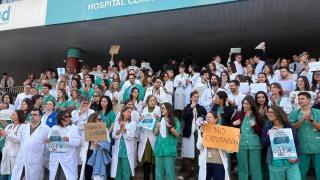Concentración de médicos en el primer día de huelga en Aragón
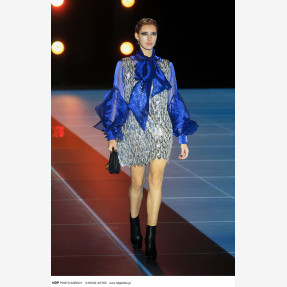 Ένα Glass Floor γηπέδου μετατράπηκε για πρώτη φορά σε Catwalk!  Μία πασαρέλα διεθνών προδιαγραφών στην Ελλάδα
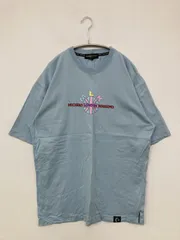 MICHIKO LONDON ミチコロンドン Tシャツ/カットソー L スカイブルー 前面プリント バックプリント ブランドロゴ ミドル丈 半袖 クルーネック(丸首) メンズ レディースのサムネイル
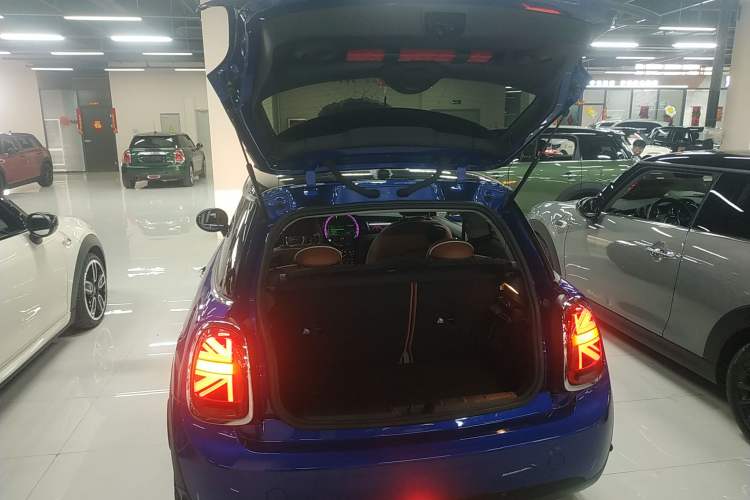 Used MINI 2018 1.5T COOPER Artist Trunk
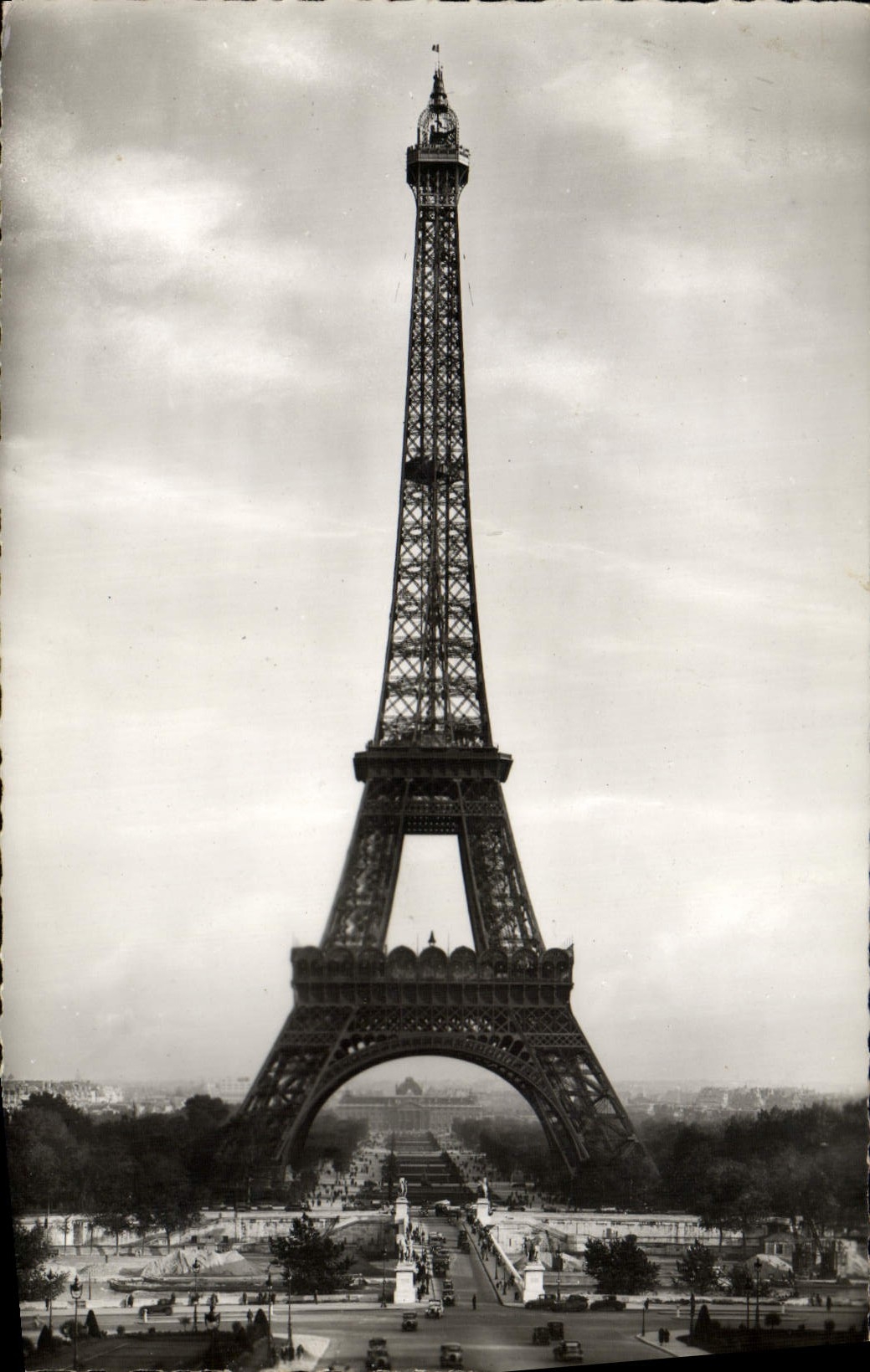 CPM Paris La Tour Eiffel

##############################

» WHAT IS NEEDED
Retype each line of the data exactly, beginning with the first; include the line containing "MICHIKO LONDON ミチコロンドン" and stop there, skipping every picture.

» YOUR RESPONSE
Concentración de médicos en el primer día de huelga en Aragón
 Ένα Glass Floor γηπέδου μετατράπηκε για πρώτη φορά σε Catwalk!  Μία πασαρέλα διεθνών προδιαγραφών στην Ελλάδα
 MICHIKO LONDON ミチコロンドン Tシャツ/カットソー L スカイブルー 前面プリント バックプリント ブランドロゴ ミドル丈 半袖 クルーネック(丸首) メンズ レディースのサムネイル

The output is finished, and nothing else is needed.